You're not the first, of course. For example, when the Congress met in February 1790 to figure out how to pay off the Revolutionary War debt of $75 million, Alexander Hamilton strongly advocated issuing debt certificates and using them as money. Congressman James Jackson of Georgia warned that this would "settle upon our posterity a burden which [citizens] can neither bear nor relieve themselves from. …Though our present debt be but a few millions, in the course of a single century it may be multiplied to an extent we dare not think of."

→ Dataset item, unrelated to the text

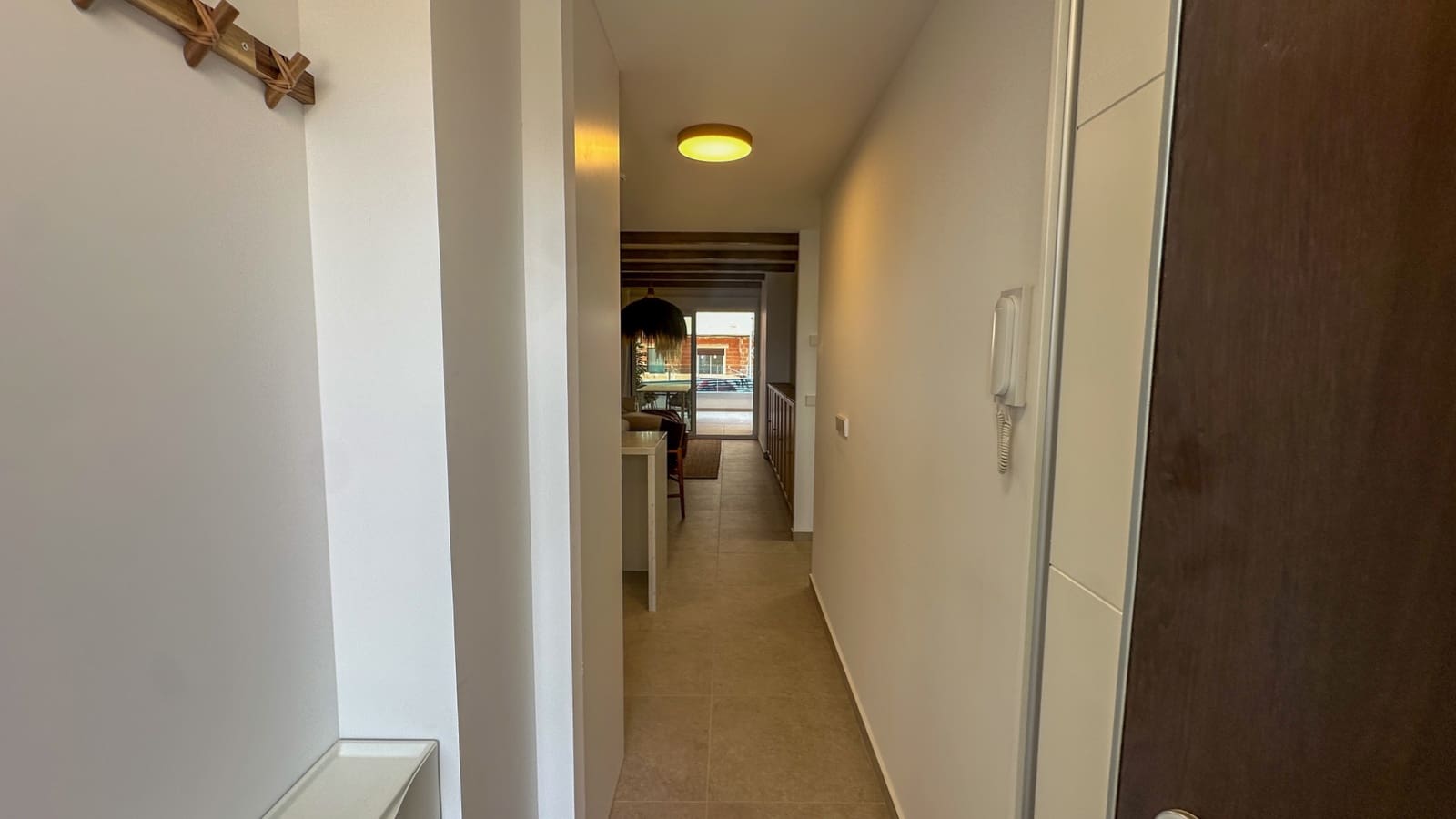 2 soverom Leilighet til salgs i Playa Flamenca - € 379 000 (Ref: 9983551)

It's really okay for the government to print money
An alternative to Congress borrowing money to pay off its debt would have been to have created the $75 million, using Congress's constitutional power to "coin money and regulate the value thereof." Instead Congress began a long tradition of borrowing the money that -- five trillion dollars of debt later -- many believe we can neither bear nor relieve ourselves from.

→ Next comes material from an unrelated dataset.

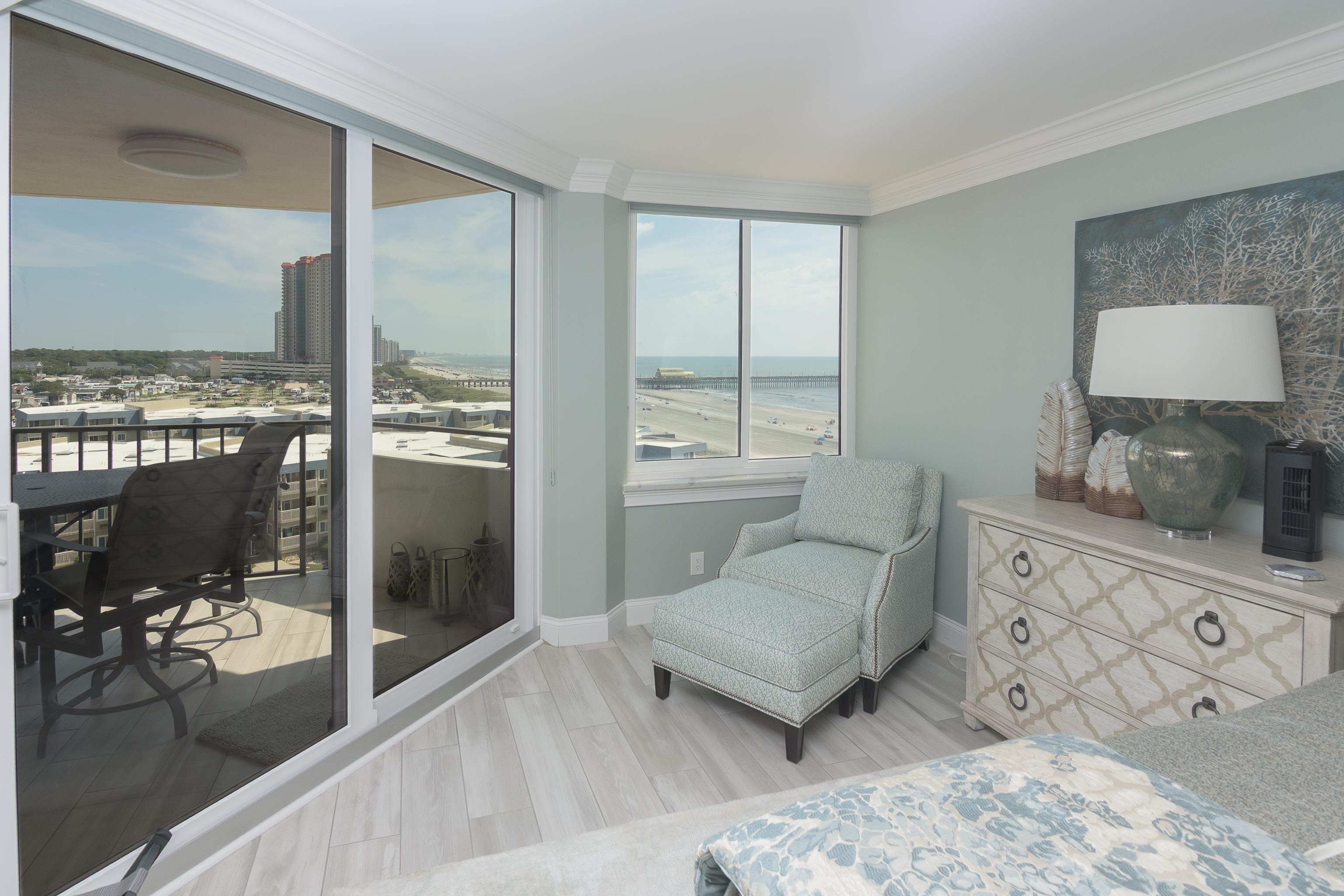 9650 Shore Dr. Property Photo 32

In the early 19th century, the little British Channel island of Guernsey faced a smaller but similar problem. Its sea walls were crumbling. its roads were too narrow, and it was already heavily in debt. There was little employment and people were leaving for elsewhere.
Instead of going still further into debt, the island government simply issued 4,000 pounds in state notes to start repairs on the sea walls as well as for other needed public works. More issues followed and twenty years later the island had, in effect, printed nearly 50,000 pounds. Guernsey had more than doubled its money supply without inflation.
A report of the island's States Office in June 1946 notes that island leaders frequently commented that these public works … had been accomplished without interest costs, and that as a result "the influx of visitors was increased, commerce was stimulated, and the prosperity of the Island vastly improved." By 1943, nearly a half million pounds worth of notes belonged to the public and was so valued that much of it was being hoarded in people's homes, awaiting the island's liberation from the Germans.
About the same time that Guernsey started to fix its sea walls the town of Glasgow, Scotland, borrowed 60,000 pounds to build a fruit market. The Guernsey sea walls were repaid in ten years, the fruit market loan took 139. In the first part of the the 20th century, Glasgow paid over a quarter million pounds in interest alone on this ancient project.
How did Guernsey avoid the fiscal disaster that conventional economics prescribed for it? First and foremost by understanding that when you build roads or sea walls or colleges or houses, you are not reducing your society's wealth. In fact, if you do it right, you are creating something that will add to its wealth. The money that was created was simply backed by public works rather than gold or "full faith and credit." It was, in fact, based on something more solid than the dollar bills in our wallets today. In contrast, tacking on an interest charge to public works -- as we do in the US -- creates no new wealth, but merely transfers claims on existing wealth from debtors to creditors.